▶ **TASK INSTRUCTIONS**
Reproduce the whole listing exactly and let no picture into the copy.

▶ **MATERIALS PROVIDED**

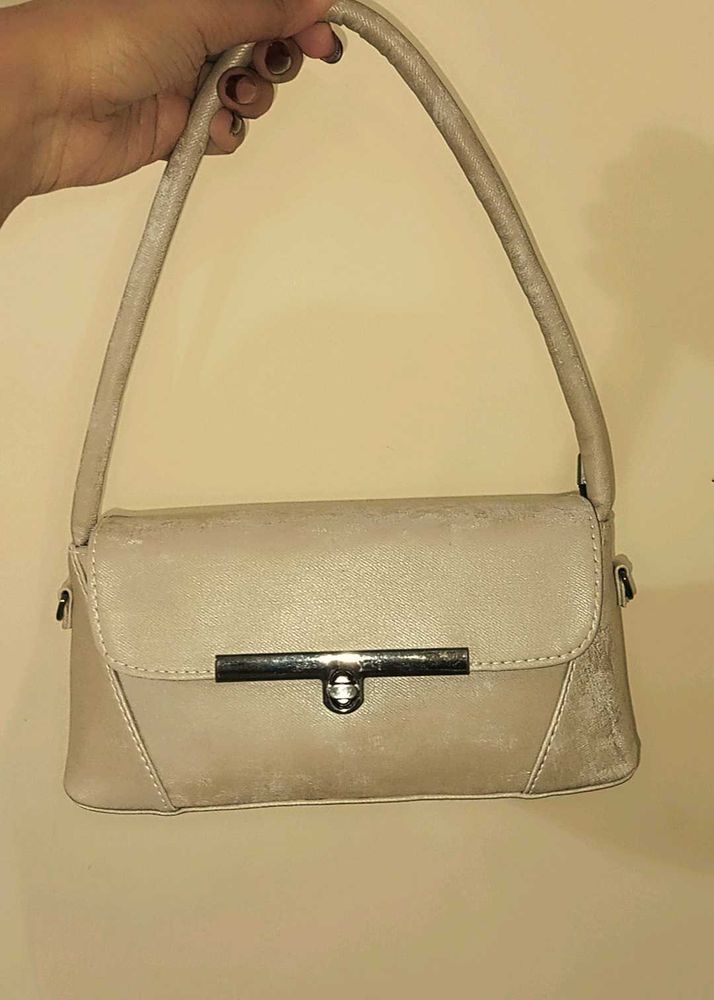 beige baguette bag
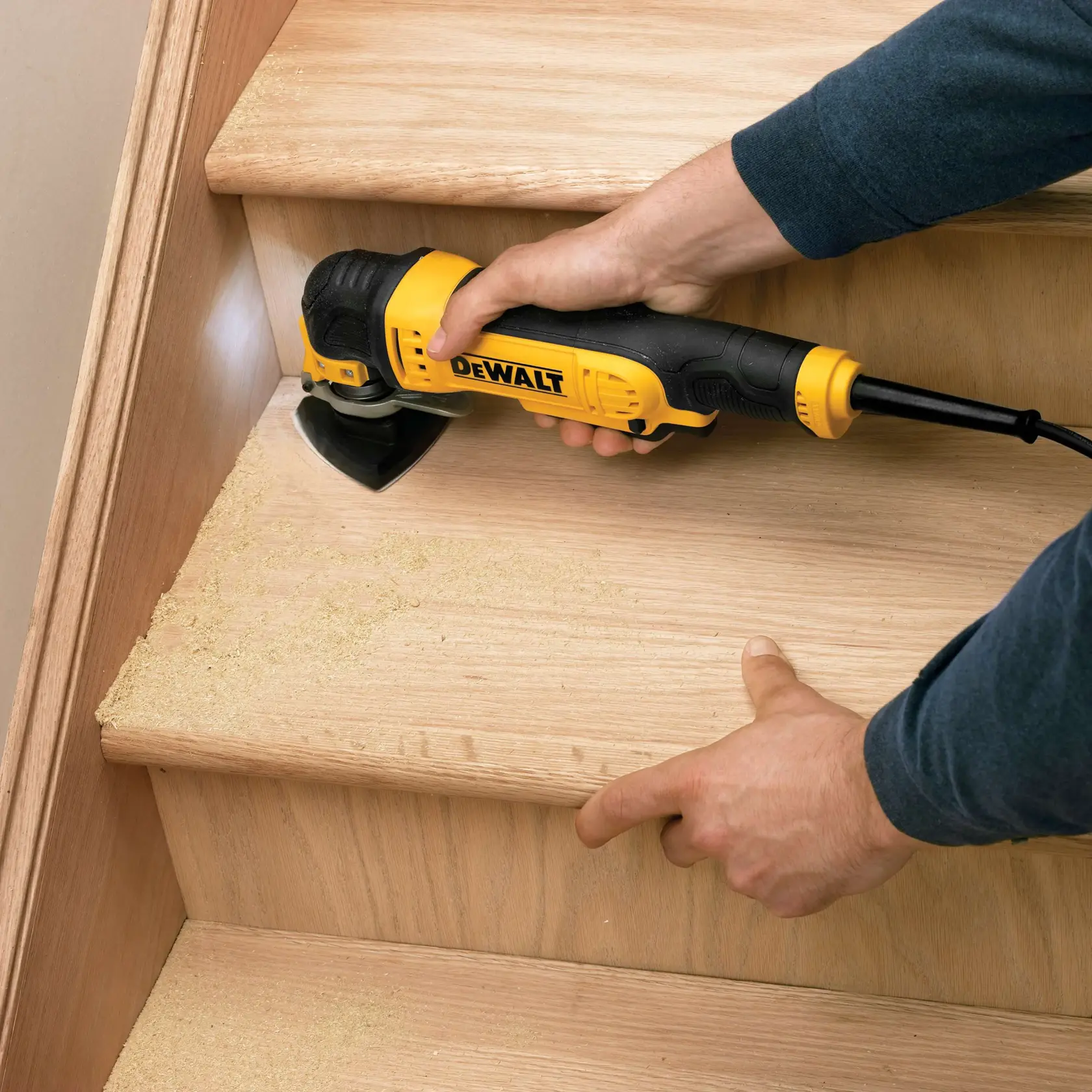 A DEWALT DT3093 tool is sanding a wooden stair, creating fine dust on the steps.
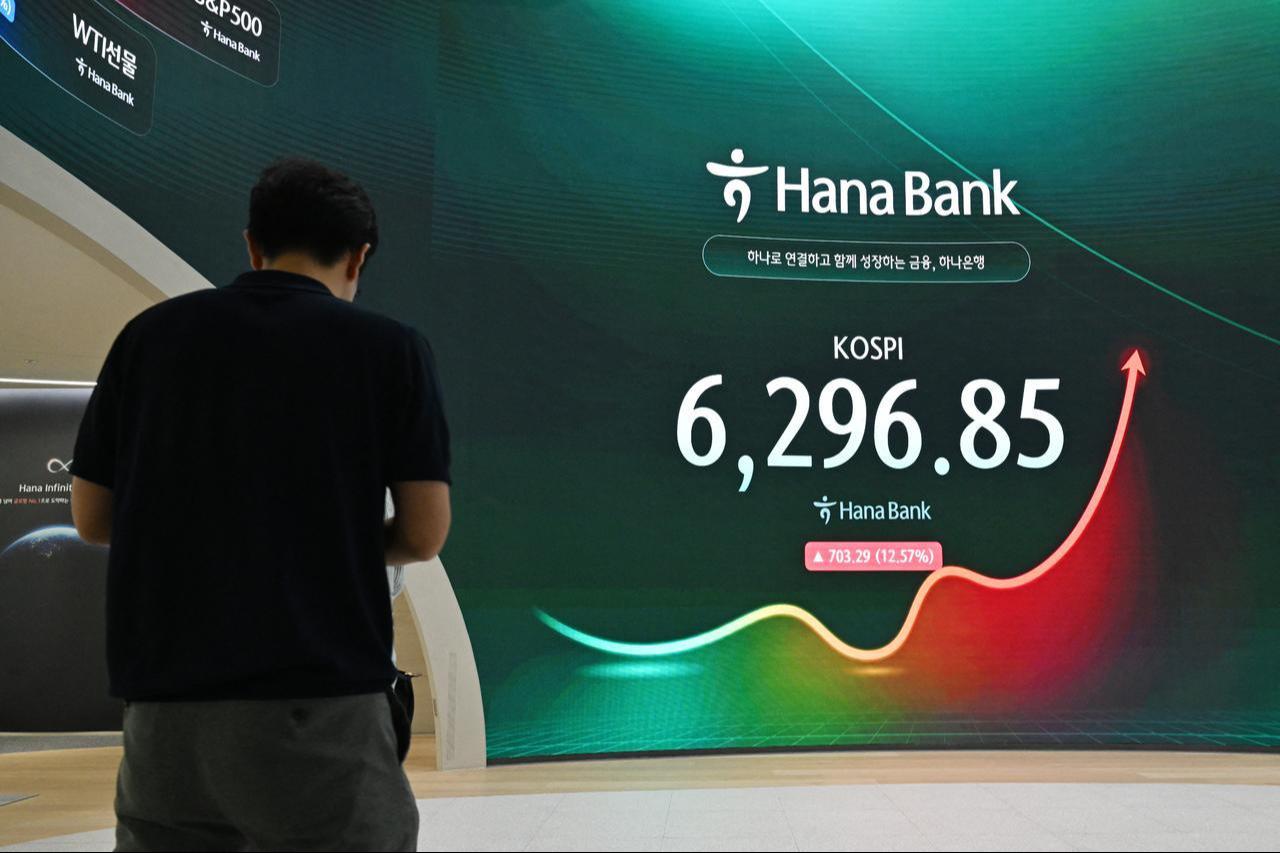 A man stands near an electronic screen showing South Korea's benchmark stock index (KOSPI) outside a foreign exchange dealing room at the Hana Bank headquarters in Seoul, July 31, 2026. (AFP Photo)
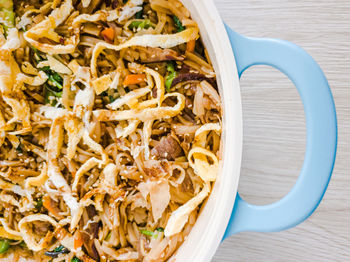 Asian noodle dish in a pot on a table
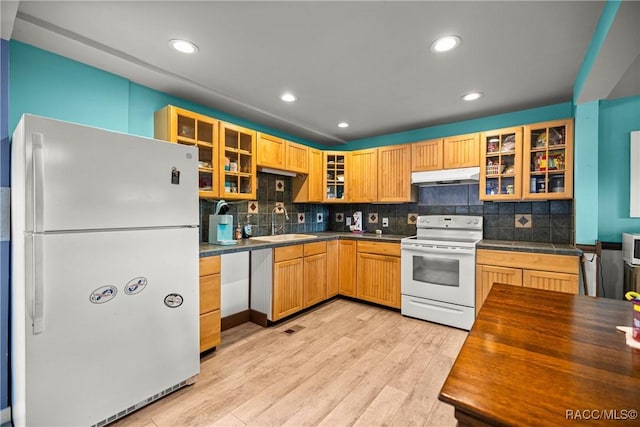 22535 SW 117th St, Dunnellon, FL 34431 - kitchen with white appliances, under cabinet range hood, glass insert cabinets, light wood-style flooring, and decorative backsplash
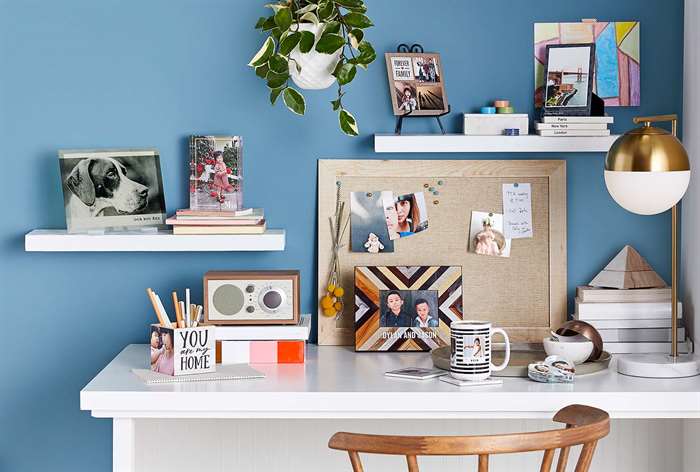 Corner desk decorated with pictures.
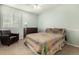 Cozy bedroom features a ceiling fan, large bed with a unique quilt, chair, and a window at 3101 Goldeneye Pl, Superior, CO 80027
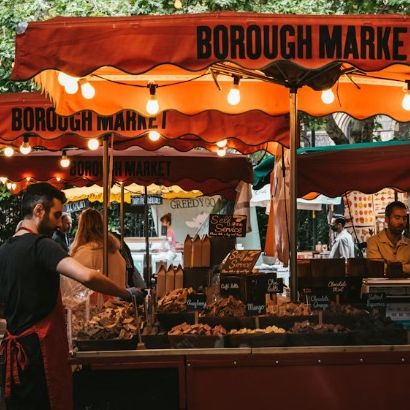 Vibrant outdoor market scene at Borough Market, with a vendor serving food under red canopies, surrounded by stalls and people.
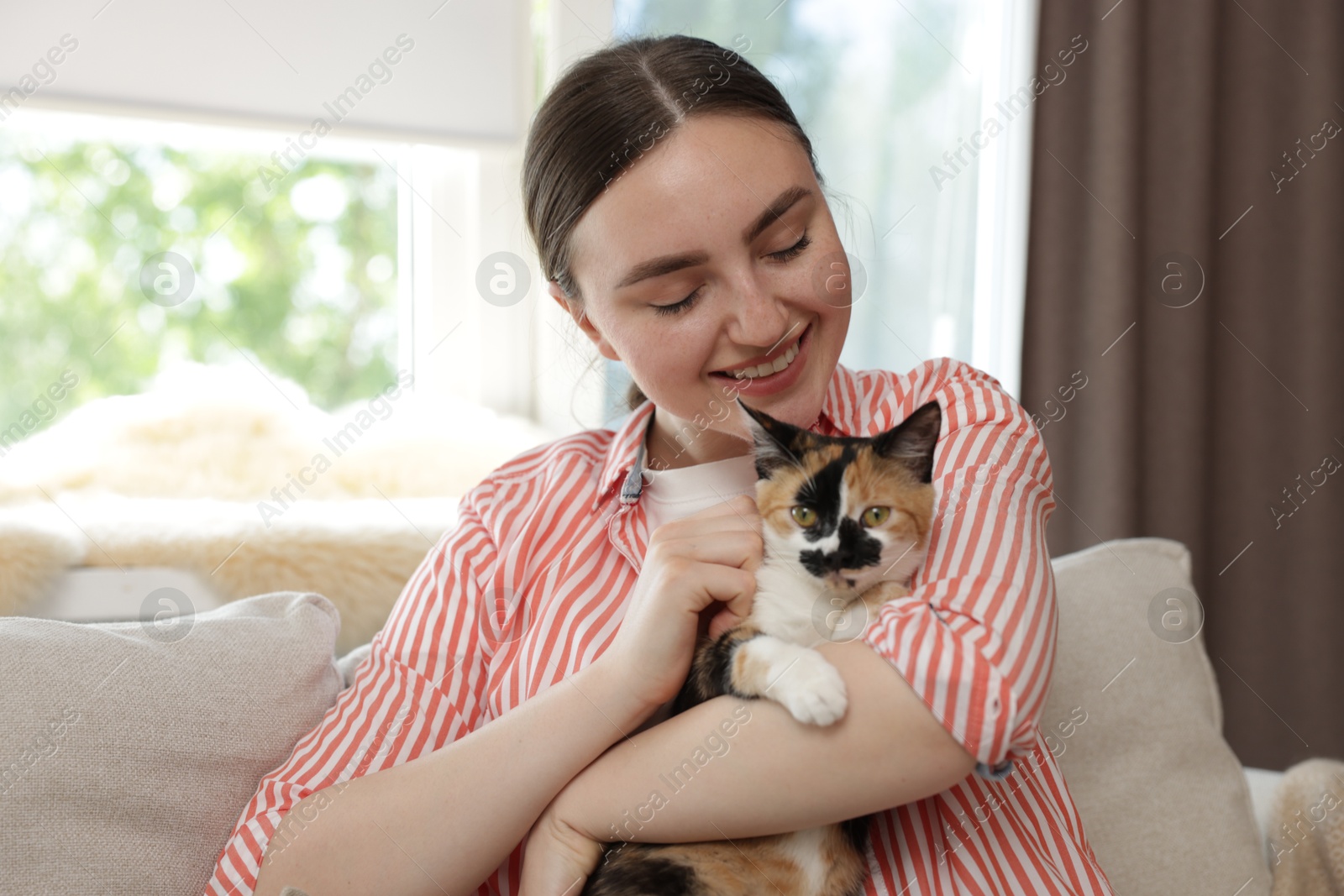 Woman with her cute calico kitten of sofa at home Photo of Woman with her cute calico kitten of sofa at home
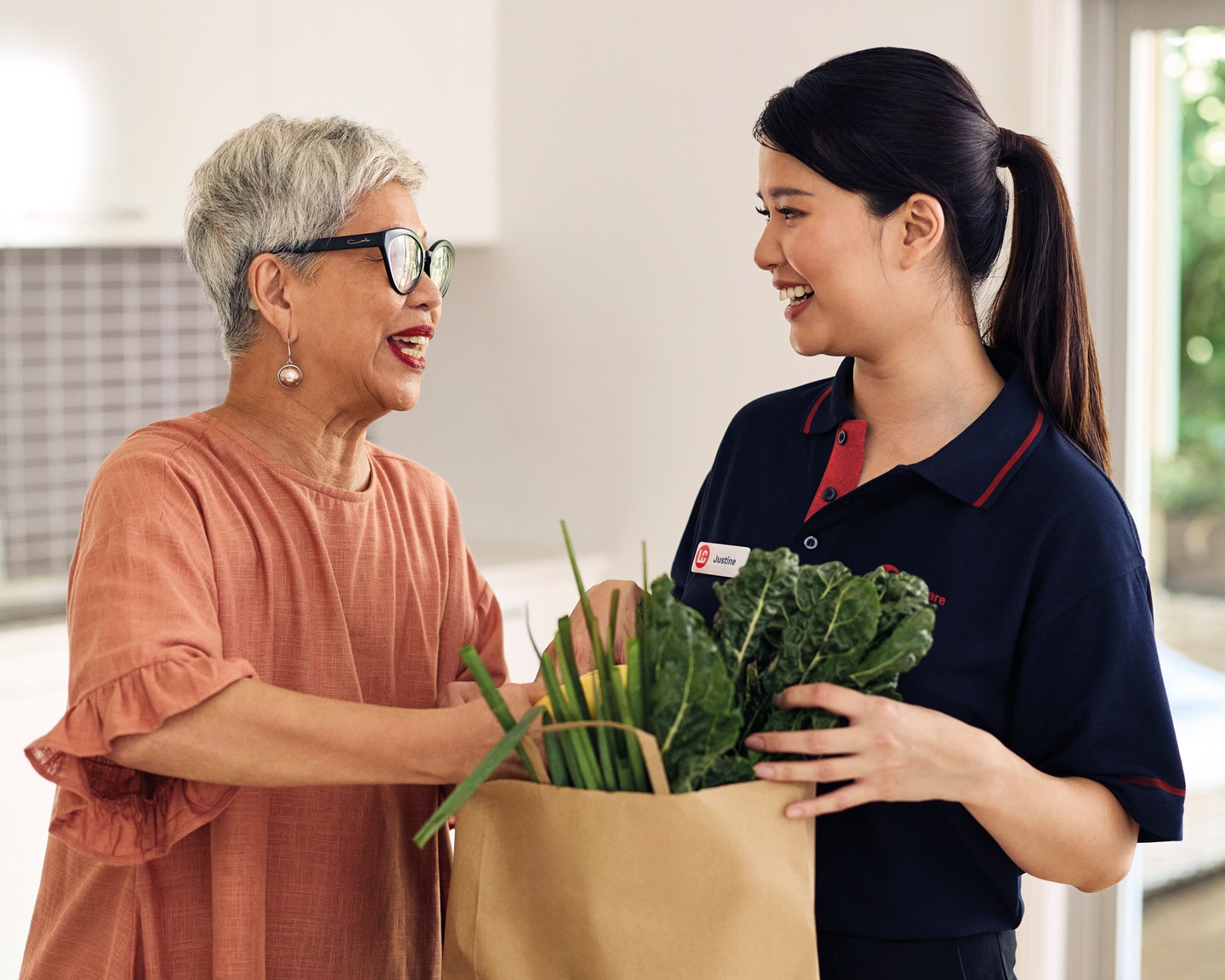 St Quentin Place - staff member assisting resident with groceries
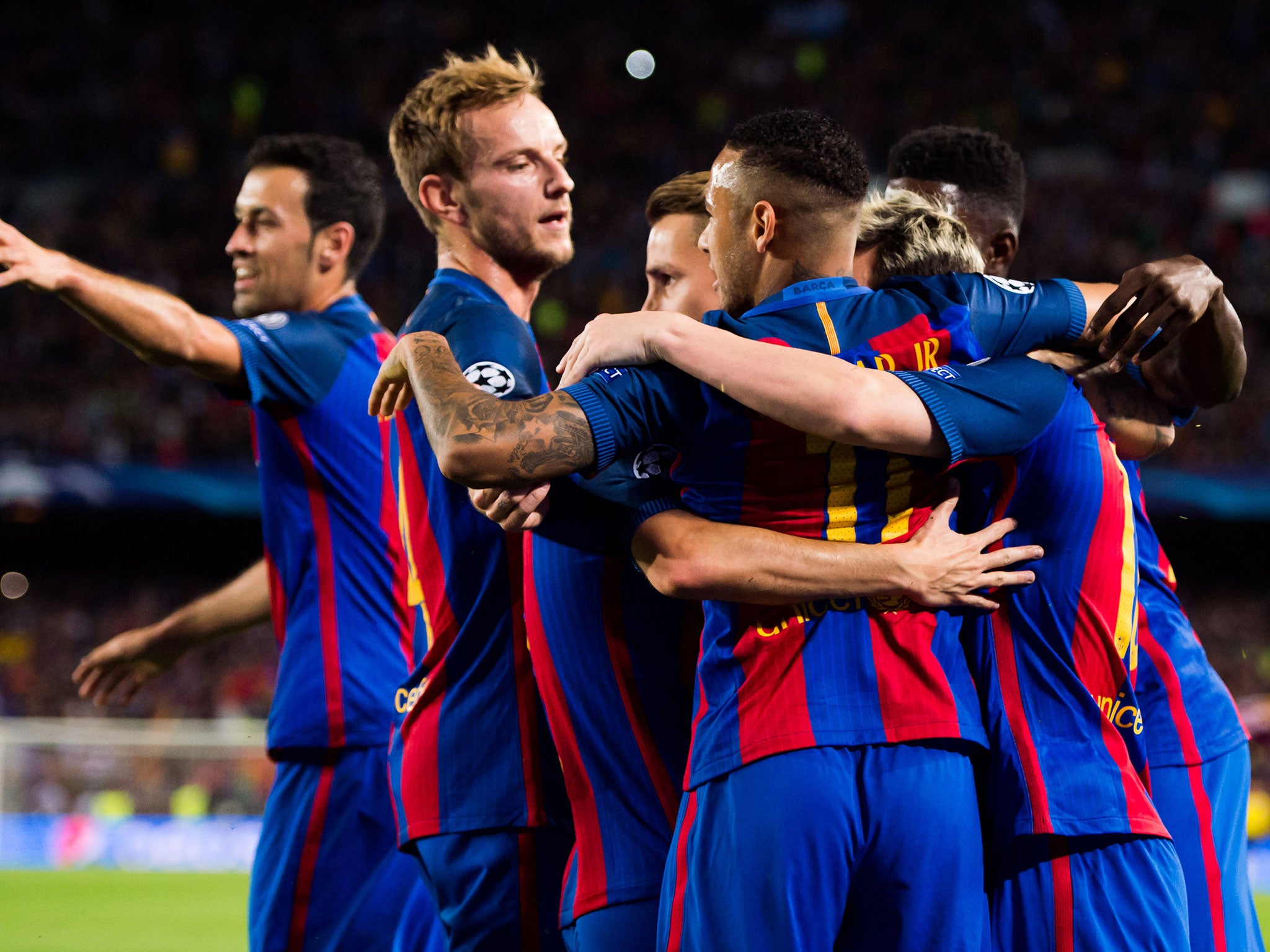 Barcelona players celebrate Messi's first goal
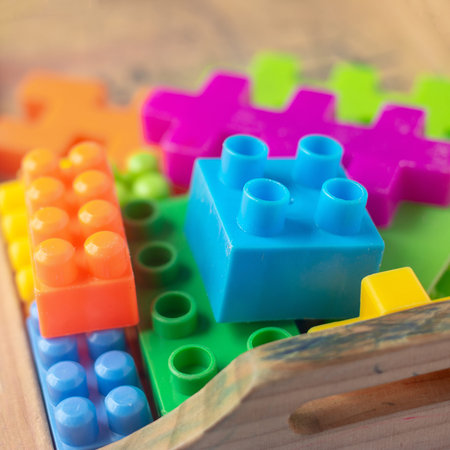 Toy colorful plastic blocks on wooden floor background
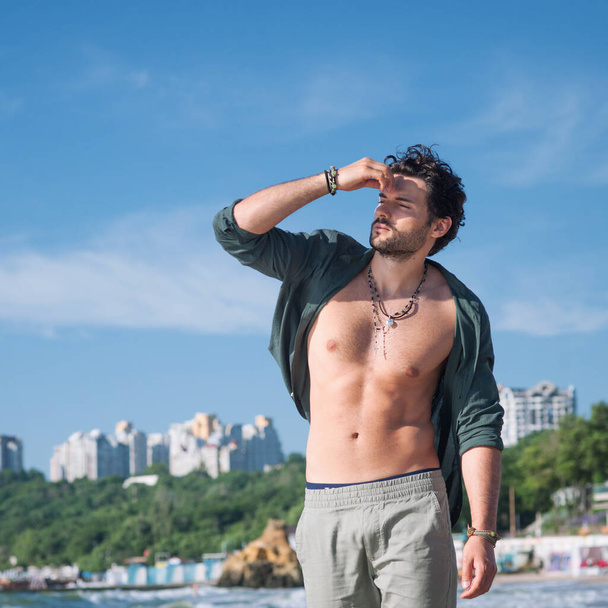 Young man sexy topless outdoor portrait near the ocean in big city - Fotó, kép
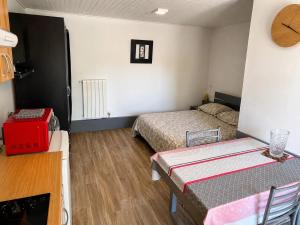 a small room with two beds and a table in it at Maisonnette cosy avec jardinet et parking privatif in Gréoux-les-Bains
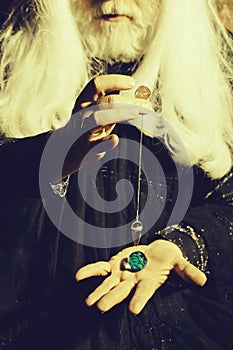 Pendulum in hands of wizard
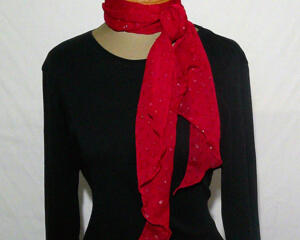 This scarf can be tied multiple different ways. Because it's nice and long at 66 inches, the fabric falls nicely.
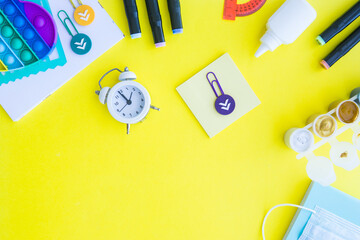 Close up of stationery and silicone toy popit. Flat lay composition. Yellow background. Space for...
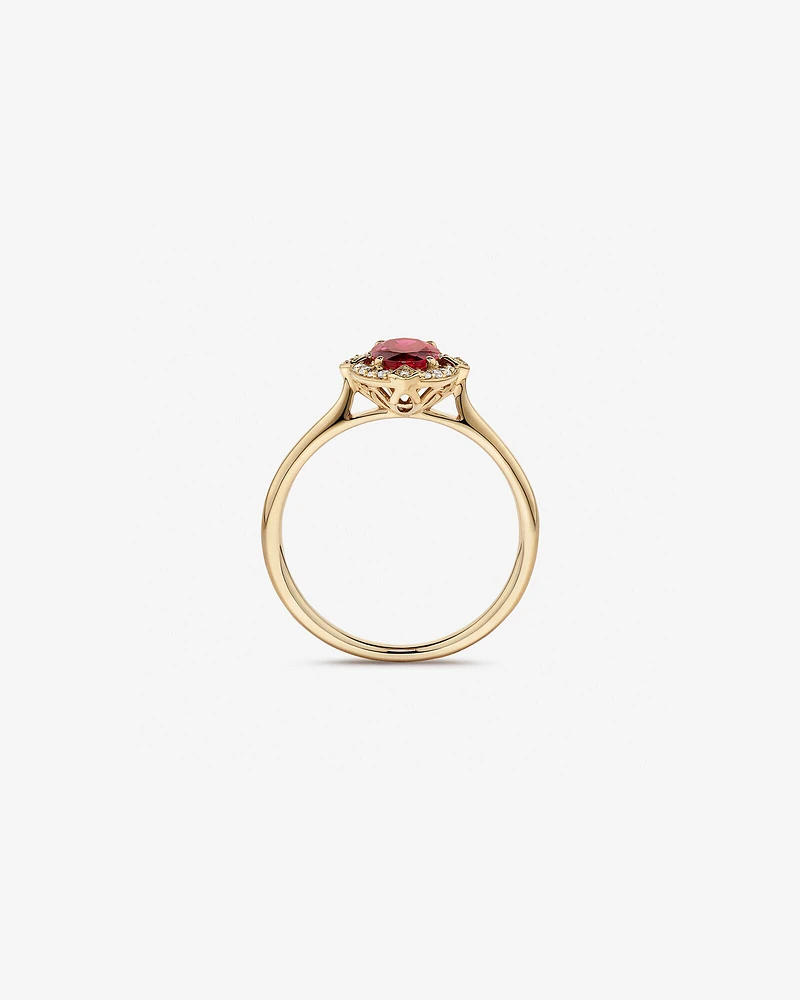 Oval Cut Created Ruby and Diamond Halo Ring in 10kt Yellow Gold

▶ **TASK SOLUTION**
 beige baguette bag
 A DEWALT DT3093 tool is sanding a wooden stair, creating fine dust on the steps.
 A man stands near an electronic screen showing South Korea's benchmark stock index (KOSPI) outside a foreign exchange dealing room at the Hana Bank headquarters in Seoul, July 31, 2026. (AFP Photo)
 Asian noodle dish in a pot on a table
 22535 SW 117th St, Dunnellon, FL 34431 - kitchen with white appliances, under cabinet range hood, glass insert cabinets, light wood-style flooring, and decorative backsplash
 Corner desk decorated with pictures.
 Cozy bedroom features a ceiling fan, large bed with a unique quilt, chair, and a window at 3101 Goldeneye Pl, Superior, CO 80027
 Vibrant outdoor market scene at Borough Market, with a vendor serving food under red canopies, surrounded by stalls and people.
 Woman with her cute calico kitten of sofa at home Photo of Woman with her cute calico kitten of sofa at home
 St Quentin Place - staff member assisting resident with groceries
 Barcelona players celebrate Messi's first goal
 Toy colorful plastic blocks on wooden floor background
 Young man sexy topless outdoor portrait near the ocean in big city - Fotó, kép
 a small room with two beds and a table in it at Maisonnette cosy avec jardinet et parking privatif in Gréoux-les-Bains
 Pendulum in hands of wizard
 This scarf can be tied multiple different ways. Because it's nice and long at 66 inches, the fabric falls nicely.
 Close up of stationery and silicone toy popit. Flat lay composition. Yellow background. Space for...
 Oval Cut Created Ruby and Diamond Halo Ring in 10kt Yellow Gold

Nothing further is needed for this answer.